# Plus possible de déplacer des morceaux d'une playlist.



## Rollmops (10 Juin 2021)

Bonsoir à tous   


Sur mon Ipad je n'arrive plus à déplacer des morceaux d'une playlist dans l'appli Music.

Je clique sur "modifier" je place le doigt sur les 3 lignes parallèles au bout du morceau et le fait glisser et quand je le lâche il revient là où il était comme un ressort.

Merci de m'indiquer comment résoudre ce problème.


----------



## Chris K (10 Juin 2021)

Normalement tu n’as pas besoin de faire « modifier ». Suffit de glisser le morceau vers une playlist.

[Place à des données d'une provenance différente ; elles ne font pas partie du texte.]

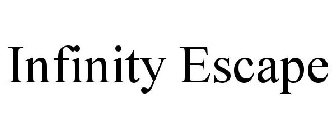 INFINITY ESCAPE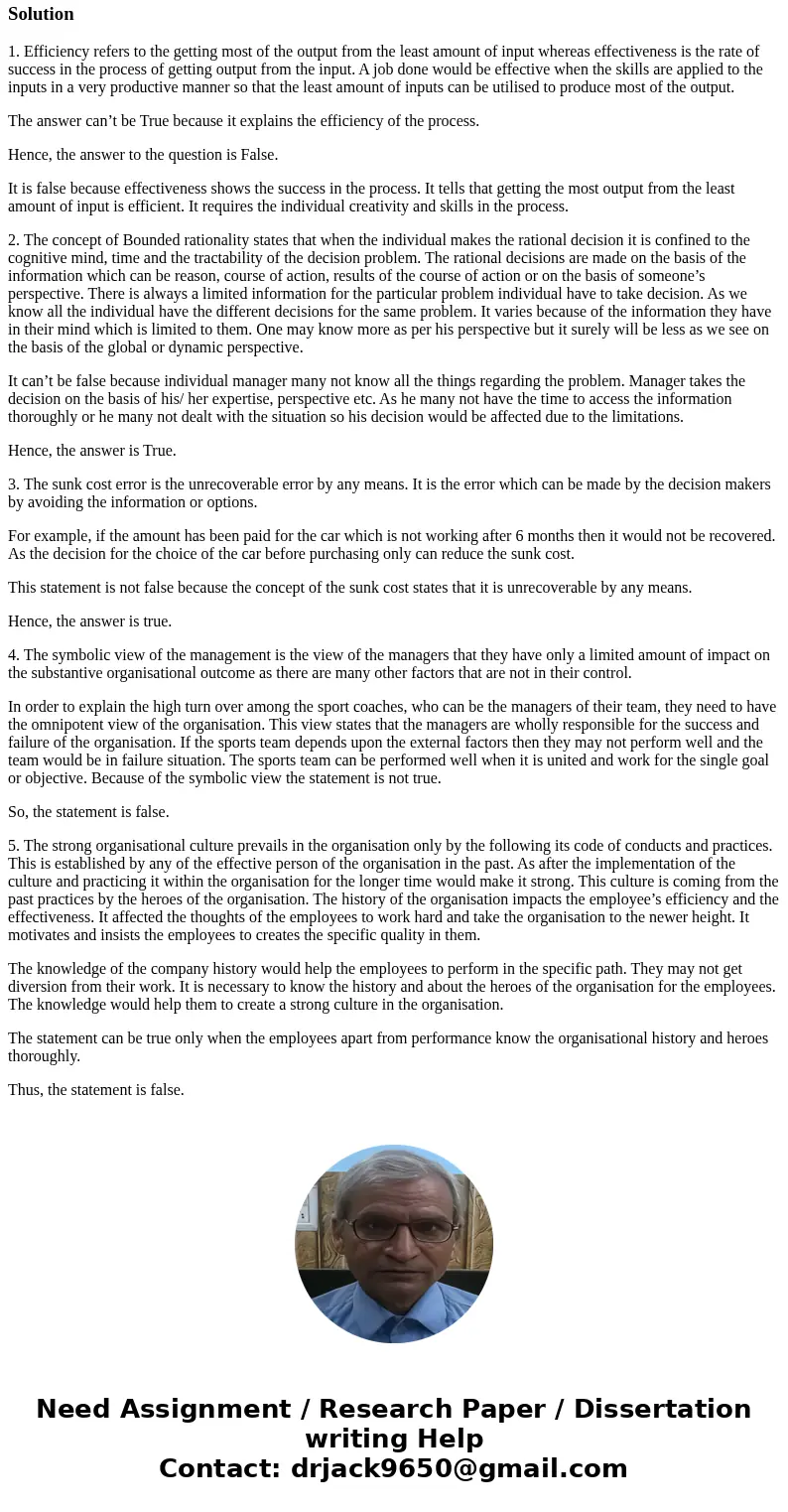  -. True or False True 1) Effectiveness r False (each 2 points, total 30 points) refers to getting the most output from the least amount of input. 2) According 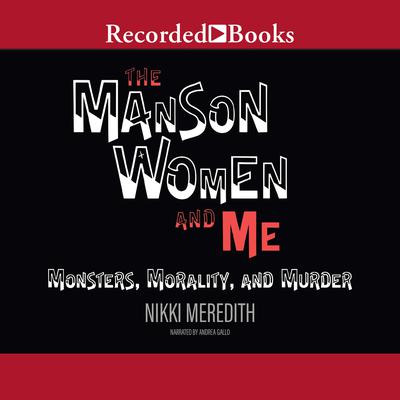 The Manson Women and Me by Nikki Meredith audiobook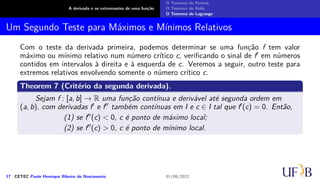 A derivada e os extremantes de uma função
O Teorema de Fermat
O Teorema de Rolle
O Teorema de Lagrange
Um Segundo Teste para Máximos e Mínimos Relativos
Com o teste da derivada primeira, podemos determinar se uma função f tem valor
máximo ou mínimo relativo num número crítico c, verificando o sinal de f′ em números
contidos em intervalos à direita e à esquerda de c. Veremos a seguir, outro teste para
extremos relativos envolvendo somente o número crítico c.
Theorem 7 (Critério da segunda derivada).
Sejam f : [a, b] → R uma função contínua e derivável até segunda ordem em
(a, b), com derivadas f′ e f′′ também contínuas em I e c ∈ I tal que f′(c) = 0. Então,
(1) se f′′(c) < 0, c é ponto de máximo local;
(2) se f′′(c) > 0, c é ponto de mínimo local.
17 CETEC Paulo Henrique Ribeiro do Nascimento 01/06/2022
 
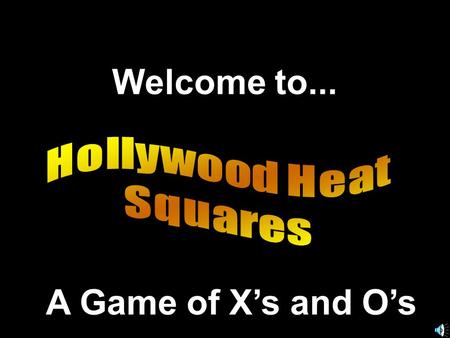 Welcome to... A Game of X’s and O’s. Another Presentation © 2000 - All rights Reserved Adapted by Olivia Waller-Hall.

« Modifier » c’est quand tu veux _modifier_ le contenu de ta playlist : supprimer un élément, changer l’ordre des morceaux (les fameuses « 3 lignes » dont tu parles) et ajouter d’autres morceaux autrement que par glisser/déposer.


----------



## Rollmops (11 Juin 2021)

_« Modifier » c’est quand tu veux modifier le contenu de ta playlist : supprimer un élément, changer l’ordre des morceaux (les fameuses « 3 lignes » dont tu parles)_

C'est justement ce que j'essayais de faire !
Mais pour une raison inconnue ça refonctionne…


----------